Let me first start off with a jubilation: At last! October has graced us with its presence once again!

Now that that moment of silliness is out of our systems, let us proceed with the music.

One band that I find always plunges me into the Halloween spirit is Type O Negative. Anytime in the year when I find myself longing for this special season, I can simply play a Type O track, and I am instantly transported back to the crisp, pumpkin-fraught weeks of October. So appropriately, this band is the centerpiece to start off the month of honour. 

Also, as this is the first Shuddersome Soundscape post of October, I shall grant you two songs rather than just the one. Thusly, here are two featured tunes, both from the album World Coming Down (1999): "Creepy Green Light" and "All Hallows Eve."

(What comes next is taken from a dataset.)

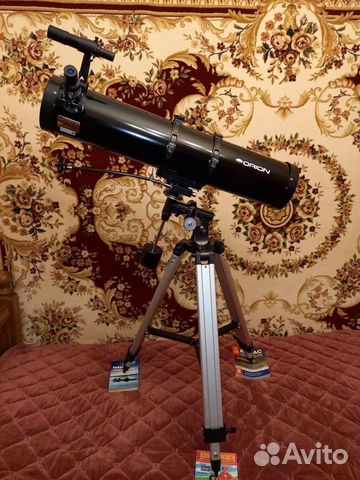 Телескоп Orion 1309 eq2 объявление продам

Type O Negative can be described as gothic metal, or "Gothedelic," in frontman Peter Steele's words, as their sound fuses classic gothic metal with 1960s psychedelia. As typical of other works by the band, each of the two tracks runs longer than six minutes.

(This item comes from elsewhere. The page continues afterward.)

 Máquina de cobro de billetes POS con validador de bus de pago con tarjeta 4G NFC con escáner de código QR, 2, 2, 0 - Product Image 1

The two songs deal with a similar theme: the supernatural return of a dead lover on a Halloween night. However, the resurrection manifests differently in each story.

In "Creepy Green Light" - formerly named "Spooky Green Light" - the narrator waits at his spouse's grave from which the undead wife triumphantly rises, perhaps with the help of the titular green light. Interesting to note is that the song is split into three sections, or cantos: 1) "Creepy Green Light," where our narrator drunkenly waits, 2) "Frightening Black Light," an instrumental interlude of organ underscored by thick doom guitars (I like to think that this is the part where the wife orchestrates her self-resurrection), and 3) "Creepy Green Light Revisited," where the two lovers are reunited. Another unique detail is the soft backmasked vocals tucked into the beginning: Steele's recitation of the prayer, "Now I lay me down to sleep," a suitable prelude to one who has already been laid to sleep.

In "All Hallows Eve" the narrator once again longs for his dead lover's return, but this time, his beloved needs a little help returning from beyond the veil. Our narrator indulges in some Satanic intervention as he sells his soul and uses a dark incantation to bring his love back to him.

For both songs, Peter Steele weaves spooky lyrics of dedication, romance, and horror which, when married with slow, reverb-filled riffs, heavily distorted bass, and Steele's melancholic growls, create the perfect Halloween tale.